Information
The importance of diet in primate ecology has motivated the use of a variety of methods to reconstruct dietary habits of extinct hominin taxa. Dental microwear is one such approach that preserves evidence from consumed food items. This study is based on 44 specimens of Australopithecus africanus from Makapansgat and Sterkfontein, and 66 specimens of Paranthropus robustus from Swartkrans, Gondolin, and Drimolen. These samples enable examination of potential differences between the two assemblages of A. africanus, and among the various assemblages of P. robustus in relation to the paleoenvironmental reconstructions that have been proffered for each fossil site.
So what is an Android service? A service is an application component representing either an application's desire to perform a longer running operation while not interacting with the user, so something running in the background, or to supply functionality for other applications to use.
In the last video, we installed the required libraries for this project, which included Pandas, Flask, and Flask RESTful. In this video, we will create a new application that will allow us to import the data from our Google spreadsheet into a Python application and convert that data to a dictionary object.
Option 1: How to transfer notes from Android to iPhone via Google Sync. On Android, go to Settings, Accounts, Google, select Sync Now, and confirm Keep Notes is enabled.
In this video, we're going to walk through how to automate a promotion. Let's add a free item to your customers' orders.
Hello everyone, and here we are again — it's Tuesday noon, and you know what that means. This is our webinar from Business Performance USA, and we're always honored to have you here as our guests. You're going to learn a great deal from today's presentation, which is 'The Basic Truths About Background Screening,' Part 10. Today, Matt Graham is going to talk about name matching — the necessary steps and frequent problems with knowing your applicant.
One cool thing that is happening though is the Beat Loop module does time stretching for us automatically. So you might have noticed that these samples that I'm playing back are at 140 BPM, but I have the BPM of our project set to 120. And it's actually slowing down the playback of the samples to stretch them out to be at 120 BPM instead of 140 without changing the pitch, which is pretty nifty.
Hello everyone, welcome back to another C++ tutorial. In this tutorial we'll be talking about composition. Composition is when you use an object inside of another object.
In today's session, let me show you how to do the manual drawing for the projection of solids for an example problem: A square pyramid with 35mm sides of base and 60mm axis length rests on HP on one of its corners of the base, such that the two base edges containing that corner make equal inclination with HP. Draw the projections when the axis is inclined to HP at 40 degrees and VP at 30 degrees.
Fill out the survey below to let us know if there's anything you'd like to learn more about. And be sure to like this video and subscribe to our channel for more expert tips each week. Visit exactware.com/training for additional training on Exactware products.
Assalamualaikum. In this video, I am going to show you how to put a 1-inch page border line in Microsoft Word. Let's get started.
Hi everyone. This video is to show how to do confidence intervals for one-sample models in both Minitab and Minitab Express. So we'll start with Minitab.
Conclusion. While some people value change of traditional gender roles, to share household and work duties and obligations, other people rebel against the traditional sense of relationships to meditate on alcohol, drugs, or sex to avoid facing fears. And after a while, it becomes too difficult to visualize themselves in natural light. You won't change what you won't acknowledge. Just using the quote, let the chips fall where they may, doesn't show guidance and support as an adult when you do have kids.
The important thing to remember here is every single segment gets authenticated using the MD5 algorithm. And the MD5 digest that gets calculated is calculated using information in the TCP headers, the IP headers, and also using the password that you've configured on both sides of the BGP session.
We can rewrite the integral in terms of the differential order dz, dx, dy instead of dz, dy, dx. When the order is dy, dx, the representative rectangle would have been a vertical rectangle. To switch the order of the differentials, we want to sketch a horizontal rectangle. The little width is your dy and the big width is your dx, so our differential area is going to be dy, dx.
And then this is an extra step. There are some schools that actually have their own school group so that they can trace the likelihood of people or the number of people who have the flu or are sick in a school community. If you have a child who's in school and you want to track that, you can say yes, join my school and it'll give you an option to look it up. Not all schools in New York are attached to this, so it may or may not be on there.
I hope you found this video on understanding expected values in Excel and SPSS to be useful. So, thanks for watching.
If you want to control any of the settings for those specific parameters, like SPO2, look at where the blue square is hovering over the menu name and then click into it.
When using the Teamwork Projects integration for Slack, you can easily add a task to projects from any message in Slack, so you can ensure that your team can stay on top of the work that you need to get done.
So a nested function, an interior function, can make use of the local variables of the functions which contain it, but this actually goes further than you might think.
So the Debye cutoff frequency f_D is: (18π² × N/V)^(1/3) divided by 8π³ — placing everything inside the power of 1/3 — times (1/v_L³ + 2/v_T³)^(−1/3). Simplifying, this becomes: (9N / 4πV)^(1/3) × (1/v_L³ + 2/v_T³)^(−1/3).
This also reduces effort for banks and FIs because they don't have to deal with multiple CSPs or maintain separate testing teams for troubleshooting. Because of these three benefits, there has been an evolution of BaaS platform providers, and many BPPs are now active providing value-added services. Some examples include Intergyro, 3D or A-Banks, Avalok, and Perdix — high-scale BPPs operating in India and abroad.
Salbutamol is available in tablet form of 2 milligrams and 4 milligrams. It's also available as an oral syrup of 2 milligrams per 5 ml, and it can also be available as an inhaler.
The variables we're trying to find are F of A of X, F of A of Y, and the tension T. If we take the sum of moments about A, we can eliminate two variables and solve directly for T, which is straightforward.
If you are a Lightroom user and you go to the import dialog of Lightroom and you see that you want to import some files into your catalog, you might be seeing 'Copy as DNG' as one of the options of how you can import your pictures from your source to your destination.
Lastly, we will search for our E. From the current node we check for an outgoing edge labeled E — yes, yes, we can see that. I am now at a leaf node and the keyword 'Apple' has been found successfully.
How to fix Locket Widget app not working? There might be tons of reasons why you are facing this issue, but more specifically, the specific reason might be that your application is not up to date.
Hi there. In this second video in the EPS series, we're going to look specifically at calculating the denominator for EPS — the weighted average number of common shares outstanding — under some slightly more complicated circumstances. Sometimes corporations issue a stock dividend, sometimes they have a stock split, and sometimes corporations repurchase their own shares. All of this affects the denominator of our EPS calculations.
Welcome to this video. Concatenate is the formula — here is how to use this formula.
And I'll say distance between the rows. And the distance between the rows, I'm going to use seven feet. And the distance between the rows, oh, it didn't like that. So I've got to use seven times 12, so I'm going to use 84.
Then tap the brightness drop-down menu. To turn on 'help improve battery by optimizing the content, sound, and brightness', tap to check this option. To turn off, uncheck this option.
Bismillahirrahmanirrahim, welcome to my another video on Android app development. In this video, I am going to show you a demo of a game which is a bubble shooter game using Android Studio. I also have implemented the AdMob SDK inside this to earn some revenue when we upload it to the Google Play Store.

What you have to do
Return word for word the lines above from the line with "Hello everyone, welcome" to the line with "The important thing", including both and leaving out all others.

Answer section
Hello everyone, welcome back to another C++ tutorial. In this tutorial we'll be talking about composition. Composition is when you use an object inside of another object.
In today's session, let me show you how to do the manual drawing for the projection of solids for an example problem: A square pyramid with 35mm sides of base and 60mm axis length rests on HP on one of its corners of the base, such that the two base edges containing that corner make equal inclination with HP. Draw the projections when the axis is inclined to HP at 40 degrees and VP at 30 degrees.
Fill out the survey below to let us know if there's anything you'd like to learn more about. And be sure to like this video and subscribe to our channel for more expert tips each week. Visit exactware.com/training for additional training on Exactware products.
Assalamualaikum. In this video, I am going to show you how to put a 1-inch page border line in Microsoft Word. Let's get started.
Hi everyone. This video is to show how to do confidence intervals for one-sample models in both Minitab and Minitab Express. So we'll start with Minitab.
Conclusion. While some people value change of traditional gender roles, to share household and work duties and obligations, other people rebel against the traditional sense of relationships to meditate on alcohol, drugs, or sex to avoid facing fears. And after a while, it becomes too difficult to visualize themselves in natural light. You won't change what you won't acknowledge. Just using the quote, let the chips fall where they may, doesn't show guidance and support as an adult when you do have kids.
The important thing to remember here is every single segment gets authenticated using the MD5 algorithm. And the MD5 digest that gets calculated is calculated using information in the TCP headers, the IP headers, and also using the password that you've configured on both sides of the BGP session.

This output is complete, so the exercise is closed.